If you are just starting in DeFi, and trying to get into the blockchain, but you are not considering Ethereum due to its high gas fees, which blockchains should you focus on? What are the best DeFi Yield Farming opportunities for beginners? Let’s find out!
DeFi kingdom is being built on AVAX, making Avalanche one of the main places to be right now.
It is starting to get some congestion, making gas fees more expensive at the moment. For those who have less than a four-figure portfolio, Avalanche might not make as much sense.
As a beginner, you should be looking for a blockchain with lot of things to do, and with a lot of new and high quality projects coming out in a near future. From this standpoint, Avalanche is a perfect candidate, especially if you are looking to use Yield Farming. Avalanche literally has everything you need. You can borrow against your collateral. You have Curve and GPL. There are many amazing projects, where you can earn excellent yields on the blue chip assets.
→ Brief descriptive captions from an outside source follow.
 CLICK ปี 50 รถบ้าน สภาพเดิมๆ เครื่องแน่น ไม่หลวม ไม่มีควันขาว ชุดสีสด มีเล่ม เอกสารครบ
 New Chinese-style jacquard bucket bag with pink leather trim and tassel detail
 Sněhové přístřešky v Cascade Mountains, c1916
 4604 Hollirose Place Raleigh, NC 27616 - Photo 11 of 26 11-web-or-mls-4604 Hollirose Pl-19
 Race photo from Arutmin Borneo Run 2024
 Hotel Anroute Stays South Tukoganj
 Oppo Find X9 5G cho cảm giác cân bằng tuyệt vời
On top of that, with the scaling technology a lot of new and exciting projects will be coming on to Avalanche. Harmony One and Core projects are going over to Avalanche because that’s where the opportunity is at.
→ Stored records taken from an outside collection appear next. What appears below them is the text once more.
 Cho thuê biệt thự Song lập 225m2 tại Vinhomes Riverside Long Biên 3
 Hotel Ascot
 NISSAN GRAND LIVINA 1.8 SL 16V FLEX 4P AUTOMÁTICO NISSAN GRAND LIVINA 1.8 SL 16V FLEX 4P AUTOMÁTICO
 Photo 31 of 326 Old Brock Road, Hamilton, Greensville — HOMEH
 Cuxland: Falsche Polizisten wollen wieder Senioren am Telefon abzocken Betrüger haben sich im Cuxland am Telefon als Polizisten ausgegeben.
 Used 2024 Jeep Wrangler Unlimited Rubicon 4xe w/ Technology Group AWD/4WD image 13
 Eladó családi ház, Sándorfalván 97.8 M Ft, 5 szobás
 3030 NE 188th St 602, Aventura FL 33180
The best developers and projects will be migrating to Avalanche to launch their own subnet and use their tokens. The overall ecosystem is super supportive, with a very good community and a lot of smart and talented people.
There is a lot of great farms on Polygon to learn on, understand, and build. Polygon has been very quiet over the last six months. A lot of people left polygon for Phantom, Avalanche or Solana. But during that time a lot of interesting projects have been built on Polygon.
Polygon’s new technology developments drive improved performance, security and decentralization. Some of the newer technologies, such as NFTs and Game-Fi, are going to come to Polygon, mainly because of low gas fees, which are just fractions of pennies.
Although Polygon is its own separate chain, it is technically a side chain that submits its state over to Ethereum every now and then. Polygon’s real mission is to scale Ethereum. Therefore, it is more “politically” aligned with Ethereum and not as controversial of a pick for the core Ethereum community.
There are several different kinds of stablecoins.
The most popular, sustainable, and safe so far have been collateralized or cash backed stablecoins like USDC Circle, that holds dollars to back up USDC. Allegedly, Tether has dollars to back up USDT too, although some may question this.
DAI and MIM stablecoins are over collateralized with decentralized assets. This gives security in the event of a bank run, and provides more stability to keep the peg. However, it is hard to scale and over-collateralize hundreds of billions of dollars in stablecoins.
Then there are the algorithmic stable coins, like UST. There has been numerous algorithmic stable coins, but the vast majority of them have exploded in adverse market conditions. You may remember the Iron Titan fiasco that was pretty famous about a year ago. And now UST just lost its peg on May 9 and went from $0.99 to $0.06 in a matter of 4 days.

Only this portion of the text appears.